This is another point on which White House lies are wearing thin and the truth is beginning to shine through. And Rowan Scarborough over at the D.C. Examiner has offered up an extremely revealing vignette. He looks at where the current strategy for the surge got cooked up. He notes that in the final analysis, there were three plans sent to the White House. One was prepared by General Petraeus and his team out in Baghdad. The second was crafted by the Joint Chiefs in the Pentagon. And the third plan was put together by a bunch of overgrown teenagers who play with lead soldiers at the American Enterprise Institute. And guess which one the White House picked? That’s right, the AEI plan.
And guess who put on his duck hunting fatigues to come over and run the show? That’s right, it’s Dead-Eye Dick himself, Vice President Cheney.
Even Vice President Dick Cheney came. “We took the results of our planning session immediately to people in the administration,” said AEI analyst Thomas Donnelly, a surge planner. “It became sort of a magnet for movers and shakers in the White House.” Donnelly said the AEI approach won out over plans from the Pentagon and U.S. Central Command. The two Army generals then in charge of Iraq had opposed a troop increase . . .

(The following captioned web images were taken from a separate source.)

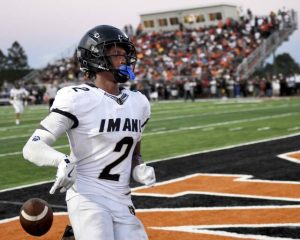 Imani Christian’s David Davis scores a second quarter touchdown against Clairton during their game on Friday, Aug. 22, 2025, at Tyler Boyd Stadium.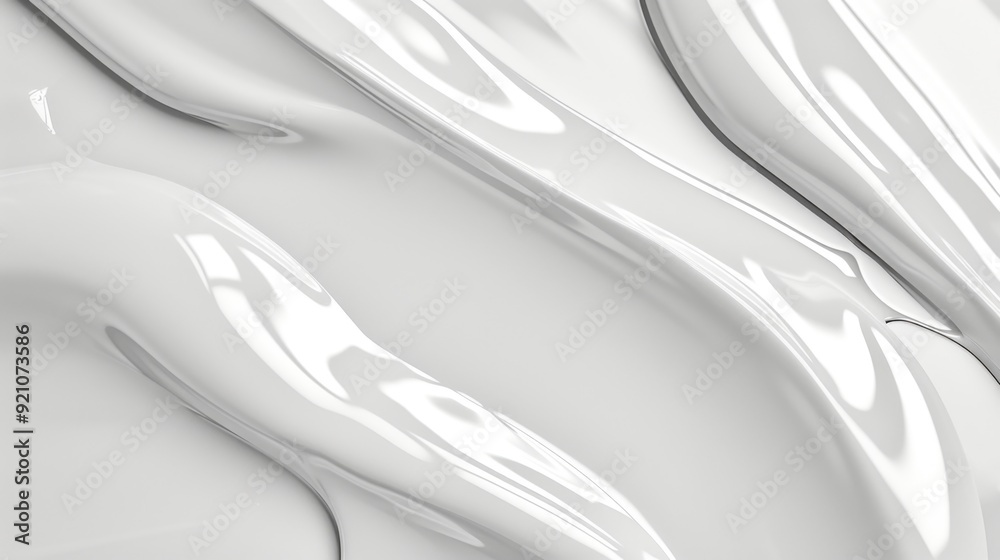 Glossy white cosmetic texture with a smooth Glossy white cosmetic texture with a smooth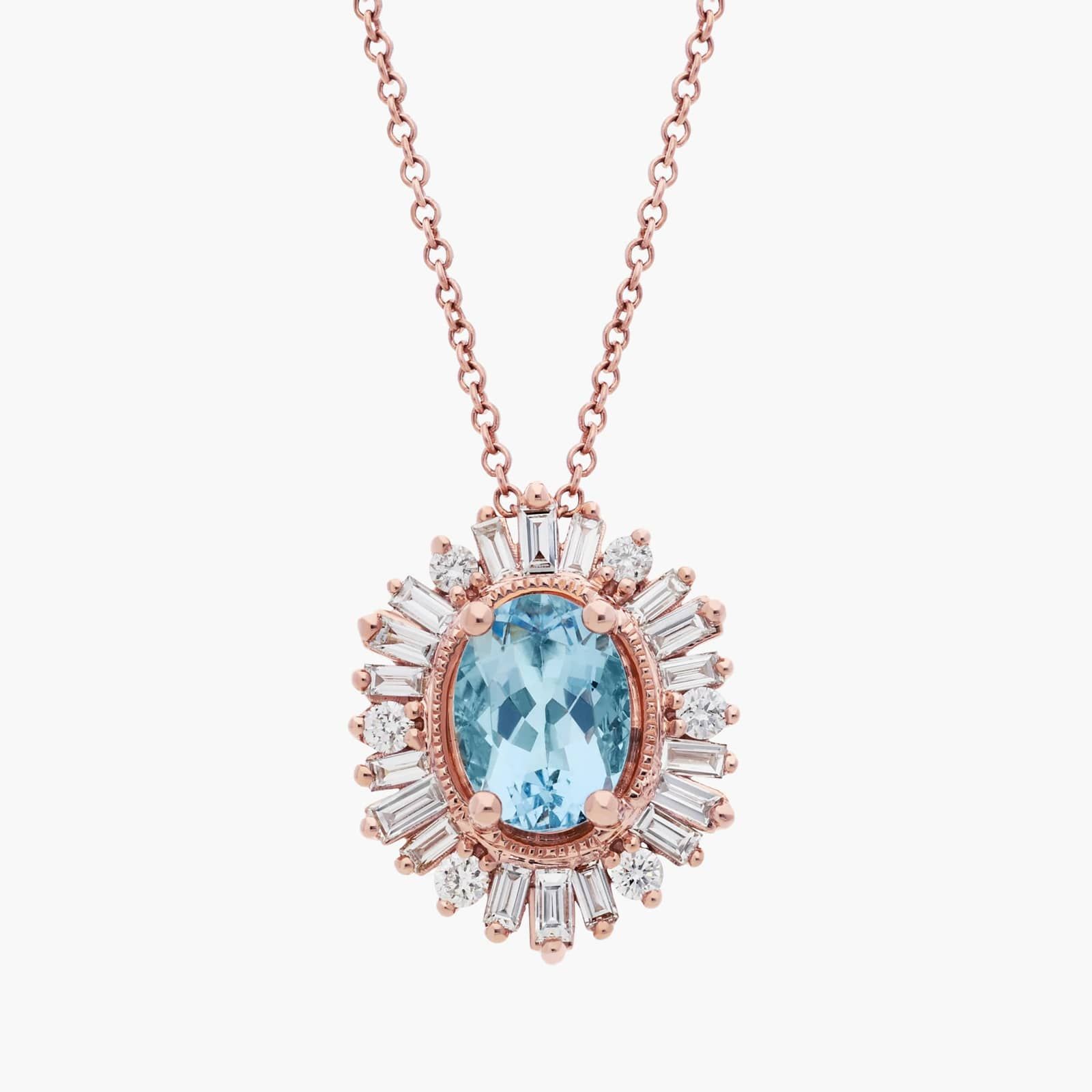 Oval Aquamarine Pendant Necklace With Baguette Halo In 14k Rose Gold (6X8mm)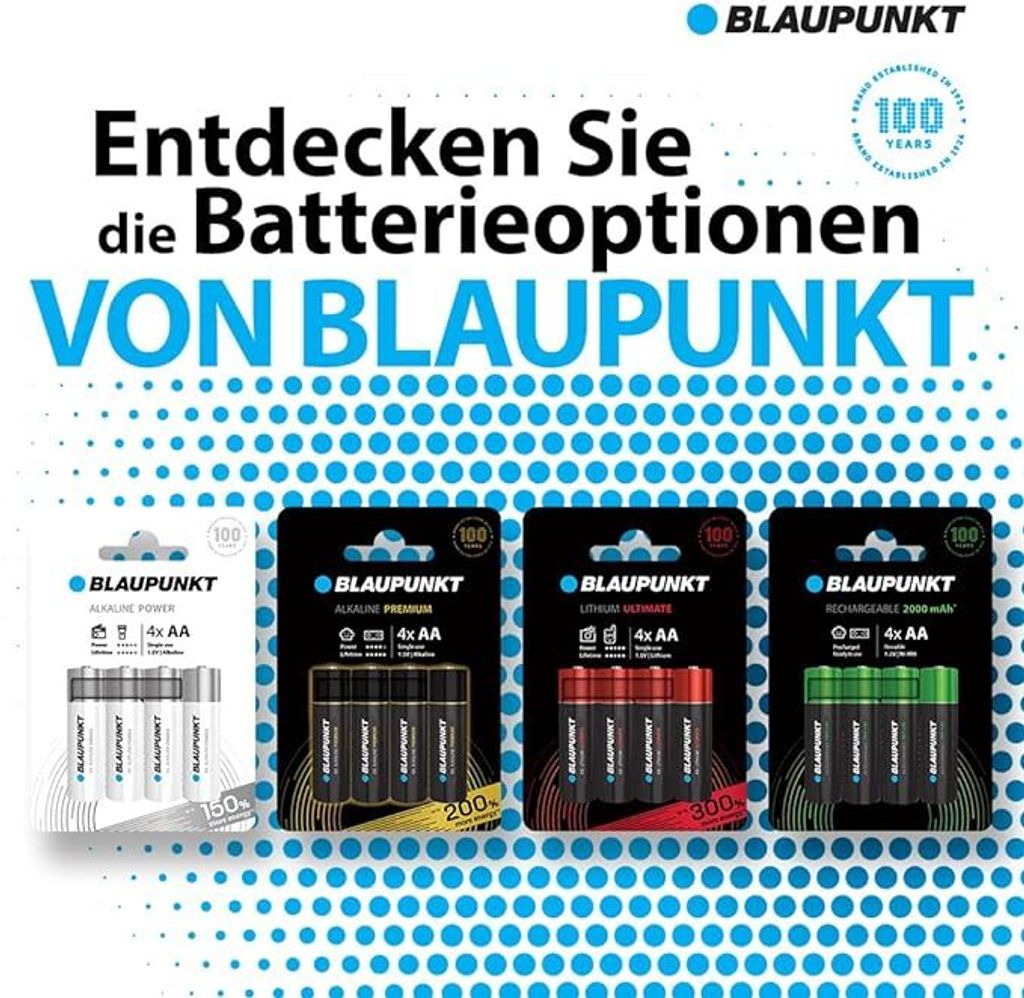 AA Alkalibatterien 4er-Pack – 1,5V, Für Fernbedienungen, Kameras, Radios & Mehr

The emergence of AEI as a power player on Iraq belies the notion that neo-conservatives are on the decline in Washington. AEI brags an impressive roster of neo-con thinkers. Former Deputy Defense Secretary Paul Wolfowitz, an Iraq war architect, arrived at AIE this summer, joining such prominent conservatives as John Bolton, David Frum and Michael Ledeen.
With its plan in place, the AEI Iraq team is not sitting still. Keane is an adviser to Army Gen. David Petraeus, the top U.S. commander in Iraq. He has inspected war conditions on two visits. Kagan left for Iraq this week. “It was kind of the 11th hour, 59th minute,” Donnelly said of AEI’s surge plan. “It’s the function that think tanks are supposed to perform to provide independent advice and analysis.”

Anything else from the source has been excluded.